When the organization is aware of the dysfunction it wants to address,  it can chose the right consultant, all things being equal.

Many times however, an organization is blinded by its own dysfunction, and thus chooses a consultant who strengthens the very dysfunction that needs to be addressed.

Three examples will suffice:

1-An engineering manager who is extraordinarily over-systematic and orderly believes that certain events are slipping through the cracks of his system i.e., his systems of control is not perfect. As a result, many product  releases slip. He interviews 4 consultants and chooses a consultant who sells yet another system of control.
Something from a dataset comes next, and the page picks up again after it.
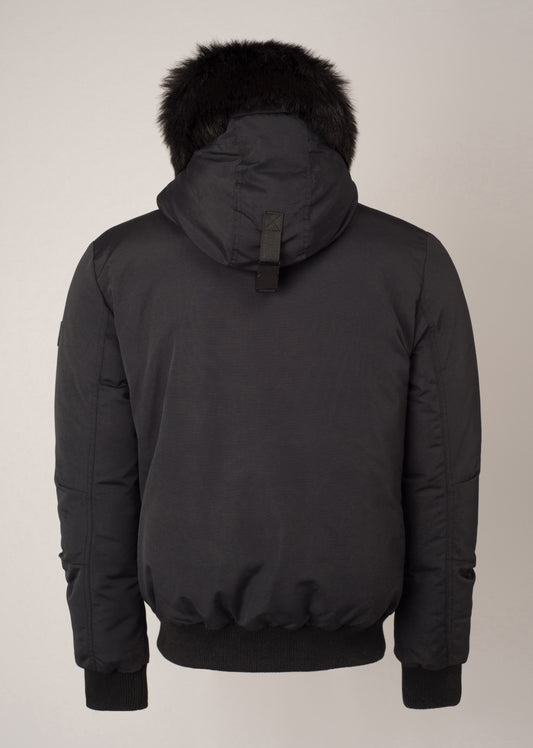 Blouson NORTH MOUNTAIN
2-A company’s culture emphasizes risk taking, passion to win, and “doing everything needed” to get the job done. The company recently developed a global presence where these aforementioned cultural values are not useful. The company hires a passionate, aggressive consultant, who promised to “fight to the finish” to achieve the wall to wall internalization of the culture, in 6 months.

3-A company which places a huge value on internal PR and being highly fashionable, has realized that its staff is talking, but not walking the talk. A leading, well branded international consulting firm is hired,  a firm which does not have a clue about the local market. Yet local press extols the extent that company management is willing to make an effort to engage it staff.

How can this bias be overcome?

1) Formulate a written and vividly descriptive problem statement about what issue is it that needs to be solved.

2) Have two or three unrelated groups take this problem statement and describe the skill set of the sought-after consultant.

3) Ensure that decision makers are the not only the “ priests” of the corporate culture, such as HR and Training, but also include more rank and file types.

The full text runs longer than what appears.